Dans le nid douillet qu'est cet appartement aux couleurs chaudes, on s'attend à une grande amitié et une grande solidarité qui permettront aux deux amies de sortir de leur précarité, l'union faisant la force, mais cet appartement devient le théâtre d'une grande déflagration.
L'une voit l'autre sombrer et s'emmurer sans pouvoir la faire réagir positivement.
Celle qui se décrivait ostentatoirement comme une fille légère se contentant de sexe sans sentiment, devient une amoureuse humiliée et rabaissée qui devient pathologiquement obsessionnelle. Elle perd tellement les pédales que cette relation sans échanges hormis du sexe bestial entre cinq et sept devient pour elle la grande chance de sa vie. Elle en vient à dire à Isa "Tu ne peux même pas imaginer ce qui se passe entre nous", la soupçonnant même d'être jalouse de sa situation.

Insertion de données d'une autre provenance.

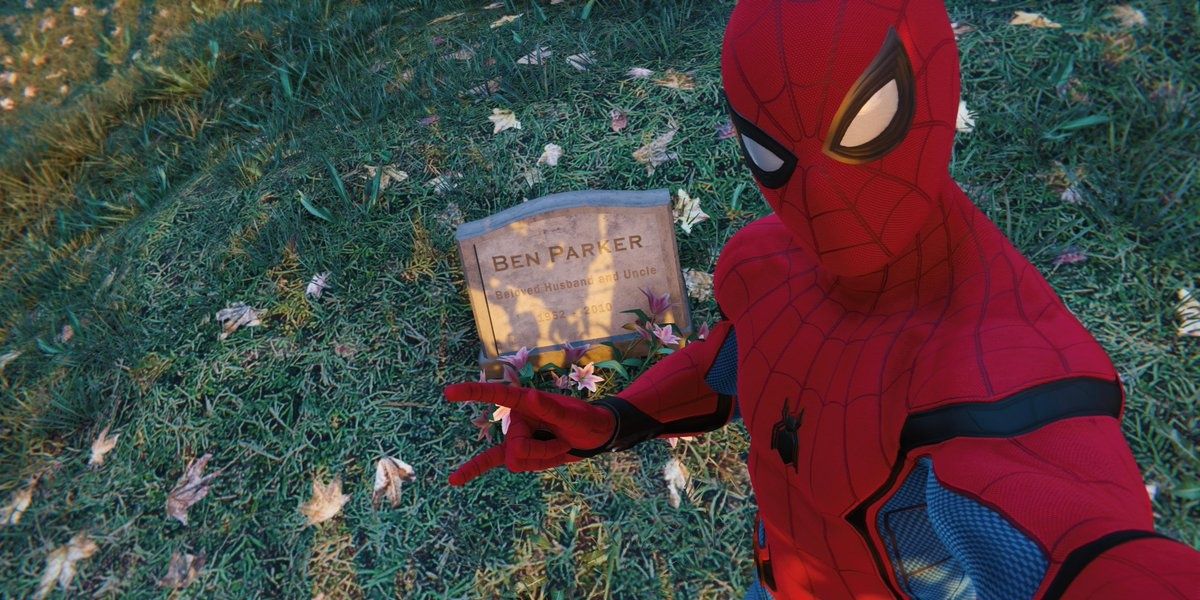 Spider-Man poses for a photo at Uncle Bens grave.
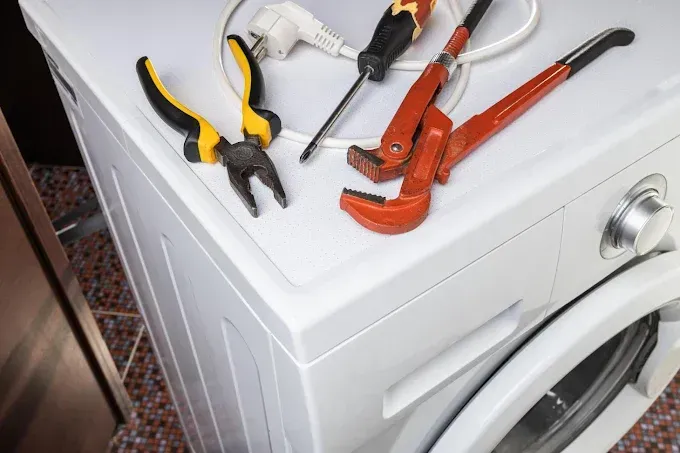 Tools (pliers, screwdriver, wrench) on top of a white washing machine, ready for repair.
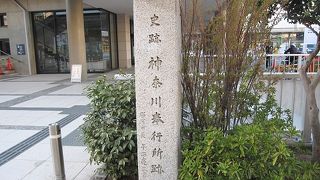 神奈川奉行所跡は県立青少年センター玄関脇にあり、石碑と金属プレートを嵌め込んだ案内があります。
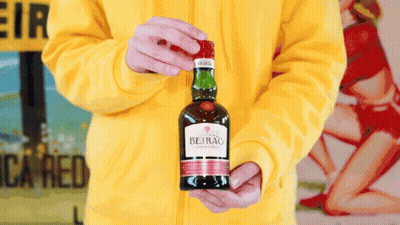 A Person Holding A Bottle Of Beirao In Their Hands GIF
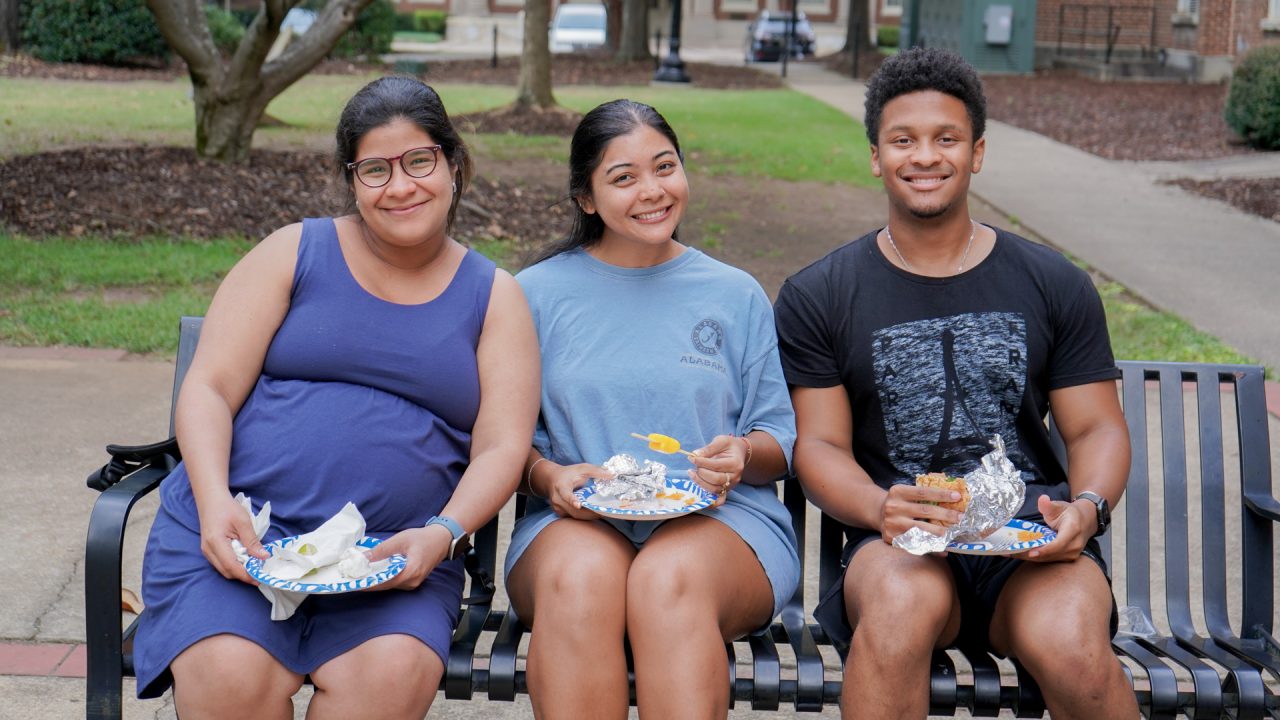 three students sit on a bench smiling while enjoying food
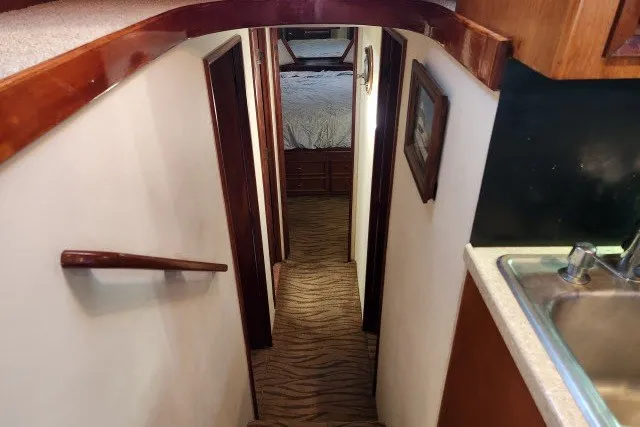 Slide: The Image of Interior hallway of 1987 Ocean Yachts 48 Super Sport, featuring wood accents and carpeted stairs. - 20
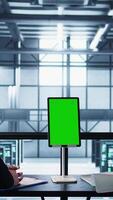 Vertical Programmers in data center brainstorming, using mockup tablet, observing equipment analytics. Server hub IT coworkers use isolated screen device, adjusting system parameters, camera B video
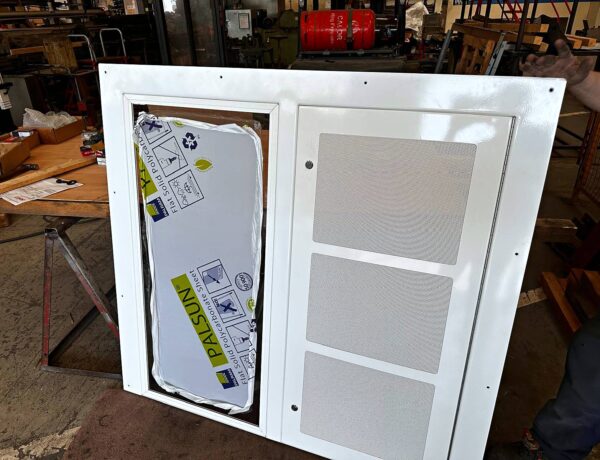 Door panel with perforated stainless steel insert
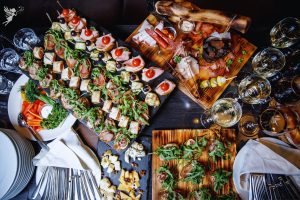 caterinhg buggeft spread overhead view of party food and wine glasses poured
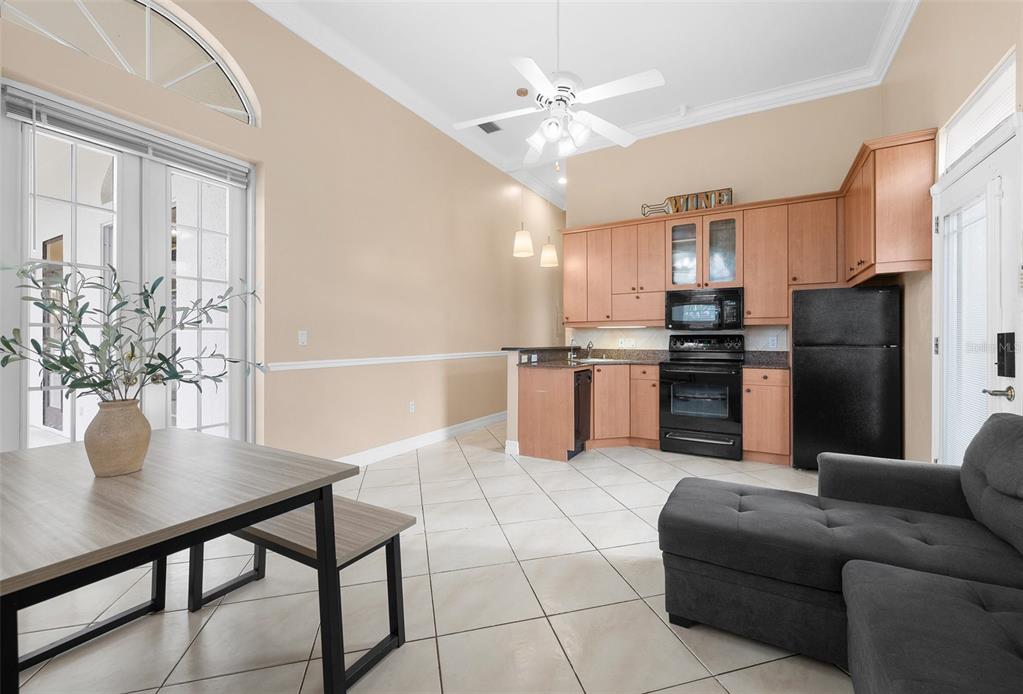 1450 Bern Creek Loop Sarasota, FL 34240 - Photo 60 of 95 a kitchen with stainless steel appliances granite countertop a refrigerator a stove a sink dishwasher and white cabinets with wooden floor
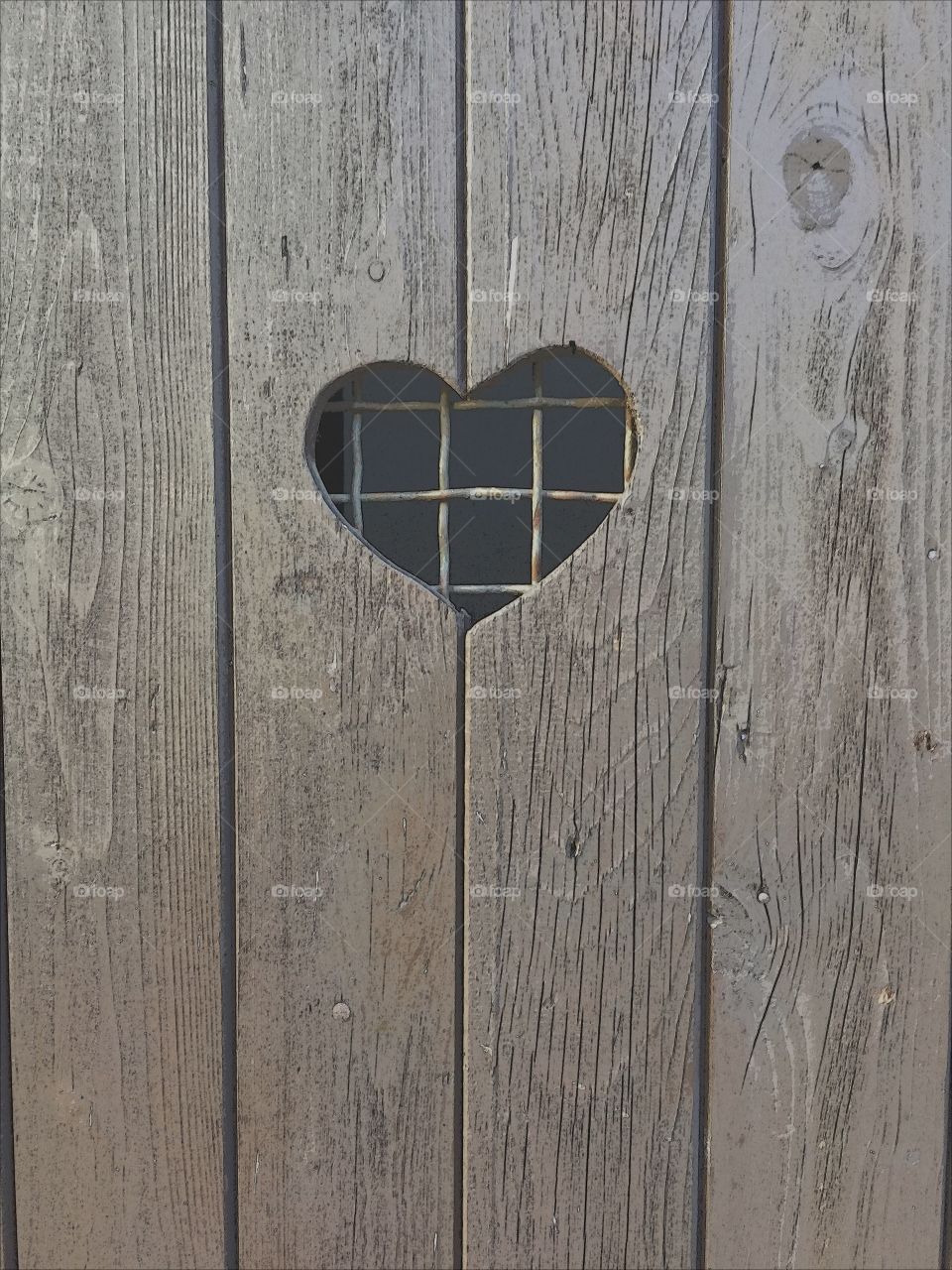 Heart shape on wooden door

Le personnage de Chris est affreux en tous points. Démarche de gorille, mépris affiché, méchanceté gratuite. Il a tout mais ne semble pas plus heureux que quiconque, son plaisir est d'abuser de sa supériorité. Il a un physique de mâle dominant, il a l'argent mais ni âme ni courage. Malgré tout, c'est lui qui séduit et non le prolo, adipeux certes, mais honnête et généreux.
La réalité est cruelle mais elle reste la réalité : les contes de fée n'opèrent plus. Si vous n'êtes ni privilégié ni suffisamment putassier (cf: le mannequin de catalogue qui se vante de partir au Sénégal puis en Martinique parce qu'untel l'"aime bien" (mais est-ce vraiment pour faire des photos ? Personnellement, j'en doute mais le personnage semble suffisamment bête pour ne pas le faire) vous resterez à votre place parce que la caste supérieure ne veut pas de vous.
Isa aura tout fait pour aider son amie
sans y parvenir, celle-ci étant trop brisée depuis trop longtemps pour réagir avant la tragédie. Elle reprend sa vie, mais, si elle n'a pas ouvertement perdu sa belle âme, elle a perdu son sourire et son optimisme,
elle semble résignée.
Petites maladresses selon moi: les surnoms des personnages. On voit que le metteur en scène a eu vingt ans dans les années 80: "Fredo", "Charly" et "Chris" font un peu datés pour la fin des années 90. Même chose pour l'entretien d'embauche au restaurant "Hollywood boulevard". Quel jeune (prolo à plus forte raison) de la fin des années 90 admirait Lauren Baccall et même Madonna ?
Deux passages que j'ai trouvés particulièrement bons pour les noter: le journal intime de Sandrine découvert par Isa mérite d'être lu attentivement, je l'ai trouvé glaçant, et il y a matière à se poser des questions sur l'entourage de cette gamine de treize ans.
La réaction d'Isa quand elle dit que sa mère travaille dans une petite fabrique de chaussures. Elle ne regarde plus son amie en face, cligne des yeux et se frotte nerveusement le visage. Il y a matière à se demander pourquoi.
Un film qu'il ne vaut mieux pas regarder déprimé. Social sans tomber dans la caricature pleurnicharde, avec de beaux moments de grâce, d'autres d'une grande violence et porté par deux actrices aux visages purs et diaphanes incarnant leurs personnages à la perfection.